« Beaucoup de lecteurs (…) ont demandé une explication du modèle IS-LM. (…)

Rappelons qu’IS-LM fait référence, d'une part, à la relation entre l’investissement (I) et l’épargne (S) et, d'autre part, à la relation entre la liquidité (L) et la monnaie (M) (…). La première chose que vous devez savoir est qu’il y a plusieurs manières correctes d’expliquer le modèle IS-LM, parce qu’il s’agit d’un modèle mettant en interaction plusieurs marchés et vous pouvez ainsi y entrer via différents angles ; chacun d’entre eux peut constituer un bon point de départ.

Mon approche favorite consiste à considérer IS-LM comme une manière de réconcilier deux approches à première vue incompatibles à propos de la détermination des taux d’intérêt. Selon l’une d’entre elles, le taux d’intérêt est déterminé par l’offre et la demande de fonds prêtables, de capitaux : c’est l’approche par les "fonds prêtables". Selon la seconde, le taux d’intérêt est déterminé par l’arbitrage entre les obligations, qui rapportent des intérêts à leur détenteur, et la monnaie, qui n’en rapporte pas, mais qui peut être utile pour réaliser des transactions et elle a par conséquent une valeur spéciale en raison de sa liquidité : c’est l’approche par la "préférence pour la liquidité". (Certes, des choses proches de la monnaie rapportent des intérêts, mais pas autant que les actifs les moins liquides.)

Comment ces deux approches peuvent-elles être exactes ? Parce que nous sommes au minimum en train de parler de "deux" variables, pas d’une seule ; le PIB comme le taux d’intérêt. Et l’ajustement du PIB est ce qui permet aux fonds prêtables et à la préférence pour la liquidité de tenir simultanément.

Commençons du côté des fonds prêtables. Supposons que l’épargne désirée et les dépenses d’investissement désirées soient couramment égales l’une à l’autre et que quelque chose pousse le taux d’intérêt à la baisse. Est-ce qu’il doit augmenter pour retrouver son niveau initial ? Pas nécessairement. Un excès d’investissement désiré par rapport à l’épargne désirée peut entraîner une expansion de l’activité économique, ce qui pousse le revenu à la hausse. Et puisqu’une partie de la hausse du revenu va être épargnée (et en supposant que la demande d’investissement n’augmente pas autant) une hausse suffisamment large du PIB peut restaurer l’égalité entre l’épargne désirée et l’investissement désirée à un nouveau taux d’intérêt.

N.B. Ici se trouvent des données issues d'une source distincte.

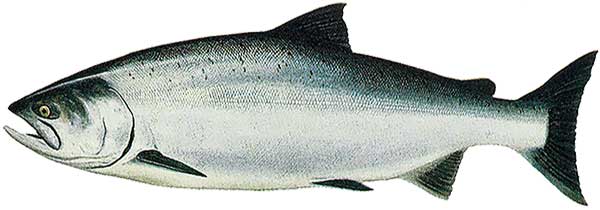 saumon sauvage du pacifique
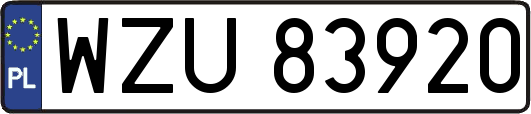 WZU83920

Cela signifie que les fonds prêtables ne déterminent pas le taux d’intérêt en soi ; ils déterminent un ensemble de combinaisons possibles du taux d’intérêt et du PIB, avec de plus faibles taux d’intérêt correspondant à des PIB plus élevés. Et c’est cela la courbe IS.

Parallèlement, les gens qui décident de la façon d’allouer leur richesse font des arbitrages entre monnaie et obligations. Il y a une demande de la monnaie décroissante : plus le taux d’intérêt est élevé, plus les gens vont utiliser leurs liquidités pour obtenir de plus hauts rendements. Supposons que la banque centrale garde l’offre de monnaie momentanément fixe ; dans ce cas, le taux d’intérêt doit être tel qu’il permet d’équilibrer cette demande avec la quantité de monnaie. Et la banque centrale peut faire varier le taux d’intérêt en changeant l’offre de monnaie : l’offre de monnaie augmente et le taux d’intérêt doit chuter pour pousser les gens à détenir une plus grande quantité de monnaie.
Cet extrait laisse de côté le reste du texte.